## TO DO
From the listing below, extract every line containing "reprend".

## DATA PROVIDED
▽

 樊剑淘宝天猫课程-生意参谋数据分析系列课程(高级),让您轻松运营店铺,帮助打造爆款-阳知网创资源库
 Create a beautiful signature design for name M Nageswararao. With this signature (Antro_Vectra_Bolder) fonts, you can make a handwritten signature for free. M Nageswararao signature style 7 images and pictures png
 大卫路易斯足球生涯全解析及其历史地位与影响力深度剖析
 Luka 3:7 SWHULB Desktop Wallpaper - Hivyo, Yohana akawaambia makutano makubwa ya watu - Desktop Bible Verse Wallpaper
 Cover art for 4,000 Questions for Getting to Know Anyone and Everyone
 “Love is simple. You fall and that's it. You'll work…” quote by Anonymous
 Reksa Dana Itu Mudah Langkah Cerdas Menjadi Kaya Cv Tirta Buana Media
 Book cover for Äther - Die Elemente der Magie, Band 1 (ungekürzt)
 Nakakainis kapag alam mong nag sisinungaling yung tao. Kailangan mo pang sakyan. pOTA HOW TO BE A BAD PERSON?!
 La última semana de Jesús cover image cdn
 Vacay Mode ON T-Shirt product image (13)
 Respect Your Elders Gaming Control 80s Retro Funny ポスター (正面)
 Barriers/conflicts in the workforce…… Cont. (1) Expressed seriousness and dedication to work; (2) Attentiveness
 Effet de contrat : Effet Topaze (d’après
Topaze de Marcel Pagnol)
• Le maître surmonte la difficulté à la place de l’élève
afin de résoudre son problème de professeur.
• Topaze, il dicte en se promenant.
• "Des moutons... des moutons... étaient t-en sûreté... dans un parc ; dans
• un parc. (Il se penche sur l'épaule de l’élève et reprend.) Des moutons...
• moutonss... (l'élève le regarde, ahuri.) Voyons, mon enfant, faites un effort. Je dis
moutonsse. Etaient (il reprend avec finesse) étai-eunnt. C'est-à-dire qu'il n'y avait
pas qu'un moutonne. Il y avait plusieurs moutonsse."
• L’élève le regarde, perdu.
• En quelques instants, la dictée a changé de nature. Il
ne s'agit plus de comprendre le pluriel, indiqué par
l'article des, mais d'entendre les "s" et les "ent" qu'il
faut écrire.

△

## EXERCISE RESPONSE
• un parc. (Il se penche sur l'épaule de l’élève et reprend.) Des moutons...
moutonsse. Etaient (il reprend avec finesse) étai-eunnt. C'est-à-dire qu'il n'y avait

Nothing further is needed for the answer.